One day during the second world war, Mr Wilson was standing on the deck of a trawler when he heard an unusual noise and spotted a ripple of bubbles on the calm surface of the North Sea.

He immediately called the skipper, who was angry at being disturbed.

Recalling the incident, he said: 'A German U-boat came up next to us and they got all the rifles pointing at us. The German skipper said 'tell us where we are and we will let you go'. And he did do that.

'We came straight in and the patrol boats were out in five minutes, but they had gone.'

Mr Wilson continued to work as a fisherman and narrowly escaped another tragedy at sea when he was offered a job on the fishing boat Susan M.

The skipper offered to lay off an existing crewman to make way for Mr Wilson. However, the other man had just become a father and Mrs Wilson felt it was unfair for her husband take his job.

Tragically, the Susan M exploded at sea the next day in unexplained circumstances and all of her crewmen were lost.

Mrs Wilson said: 'It was a miracle really. He would have gone if I'd said 'yes' but I didn't think it was right.

'If he had have gone, he wouldn't have been here today.'

Mr Wilson was later called up to join the Army, serving in the Royal Norfolks in Ipswich and Norwich, and after the war, he took a job as a pallet maker at Birds Eye where he stayed until his retirement.

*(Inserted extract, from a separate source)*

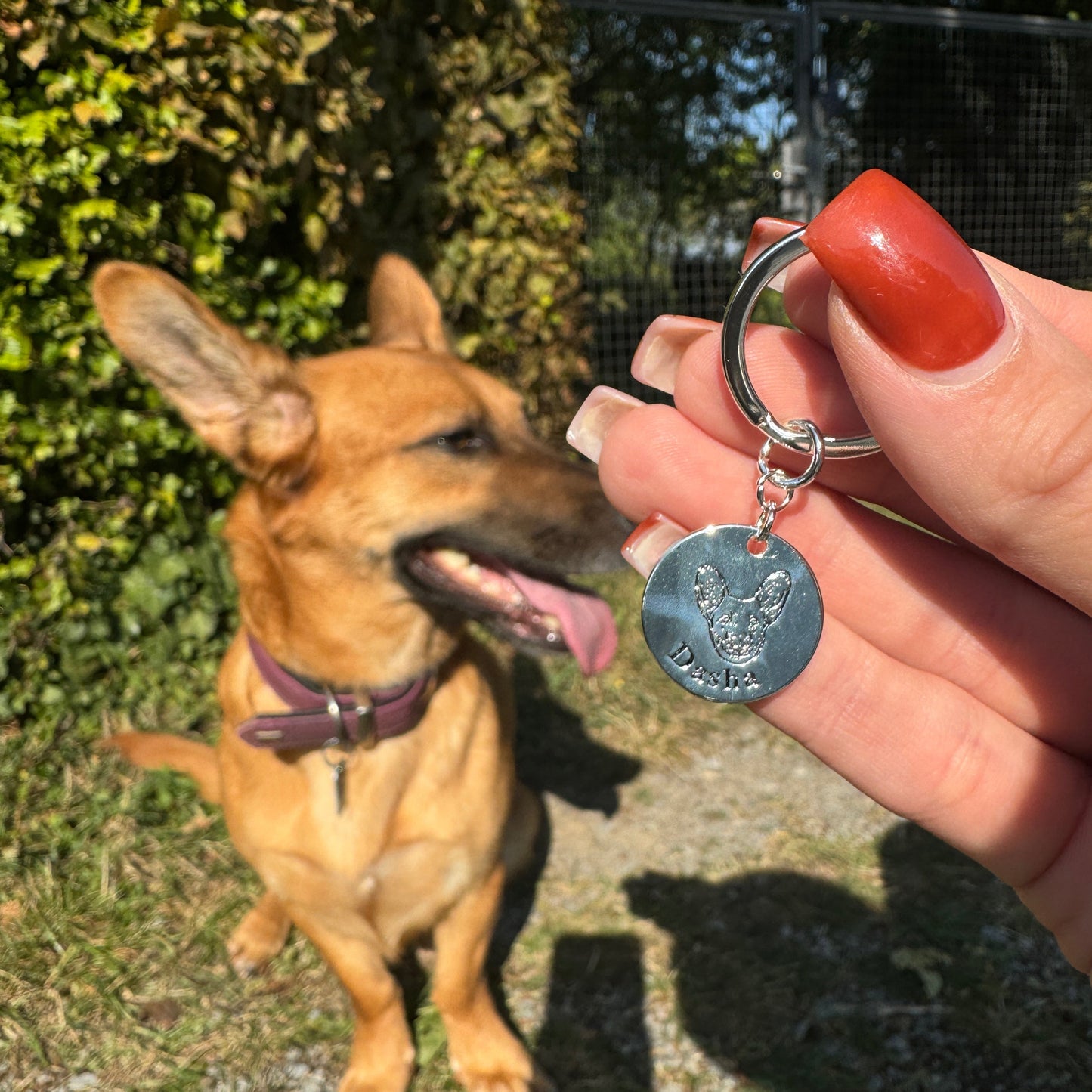 Breloc personalizat cu chipul animalului de companie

Mrs Wilson worked as the manageress of Claremont Pier and was an inspector for Beacon Lamps, which made headlights and sidelights for cars.

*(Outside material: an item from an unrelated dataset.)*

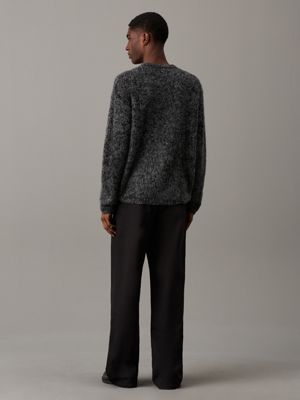 black jacquard trui van geborsteld wol voor heren - calvin klein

She was also an active member of the Labour party.

The couple, who now live in Rochester Road, Pakefield, said they enjoyed dancing together and would take regular trips on the steamer that would dock at Claremont Pier. They also travelled overseas and spent several months in South Africa, where they made a number of lifelong friends.

Mrs Wilson, 96, said she was glad Mr Wilson, 98, had picked her out at the fair in Milford Haven.

The couple have one son Robert, a grand-daughter, Julie O' Sullivan, three great- grandchildren and two great great grandchildren.